In this edition it's my turn! I want to share with you a blog that I was asked to write for the charities "Growing Families" and "Family Links" on empathy in parenting.
Empathy is such a powerful ingredient in all our relationships, however in parenting it can be a game changer.................
“Empathy! Yes, I know what that is, I use it all the time!”
In my work as a parent coach and also a trainer of family/parent practitioners this is a common response when I mention the word empathy.
However, do we REALLY know what empathy is and how powerful it can be in our relationships with our children (and in fact in all our relationships)?
When I looked up the meaning of the word “empathy” I found this: “The ability to understand and share the feelings of another.”
But can we truly “understand” the feelings of another? For me the difficulty I see, is that we forget to stand the other person’s shoes and see the situation from their emotional viewpoint and not our own – this is where the power of empathy lies.
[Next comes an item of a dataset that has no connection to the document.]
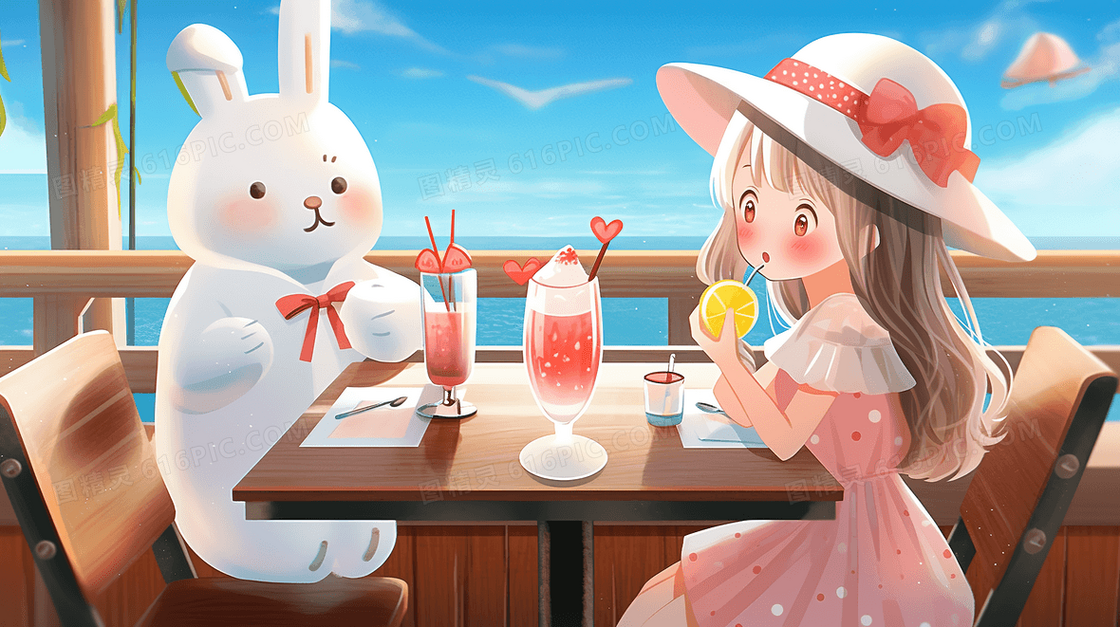 女孩在海边餐厅度假和可爱的玩偶一起吃饭创意插画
How many times have you started to share something that you are really upset about and get a response like “Oh yes, I know exactly how you feel, that happened to me, it was awful……..” cue them now recounting their story leaving you listening to their story and yours being side-lined!
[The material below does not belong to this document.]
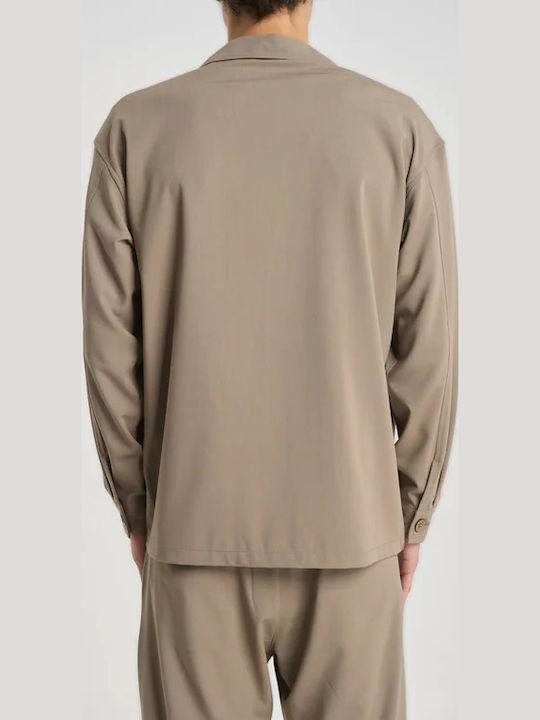 Μακρυμάνικo Τζιν Overshirt Μπεζ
Or perhaps you got a response “Poor you! How awful! What you should do is………………..” Again no empathy here, a bit of sympathy and lots of fixing it!
However, use empathy correctly and it has the power to heal, connect and transform relationships, making empathy a vital skill to learn as a parent. In my opinion t’s fundamental to our parenting tool-box.
At Natural Flair we feel that empathy is the ability to see something from the other person’s emotional point of view – trying to sense what it’s like to be them by stepping into their shoes. Not feeling the experience ourselves as this is sympathy! It means we have to stay emotionally neutral and also out of judgement.
So we can see how tricky it might be, particularly where our children are concerned as we can easily get hooked in and respond emotionally to them. However, empathy does allow us to understand the feelings behind the behaviour without agreeing with the actual behaviour!
All of us feel angry, frustrated, lonely etc. at times and these feelings are what make us human and some feel it easier than others to find the words to express our feelings – this is the same for our children too.
Children often act out feelings because they can’t put them into words – they might do this by being aggressive, tearful, shouty or withdrawn, or even having a major meltdown because you won’t buy them an ice-cream after playgroup or because they weren’t picked for the football team, even though they went to every practise session.
Being able to put yourself in your child’s shoes to understand their behaviour (not agree or condone it), means that we can parent assertively too! An empathic response to children’s’ moods makes our relationship with them happier and closer and of course children who are treated with empathy and respect will learn to be empathic and respectful to others.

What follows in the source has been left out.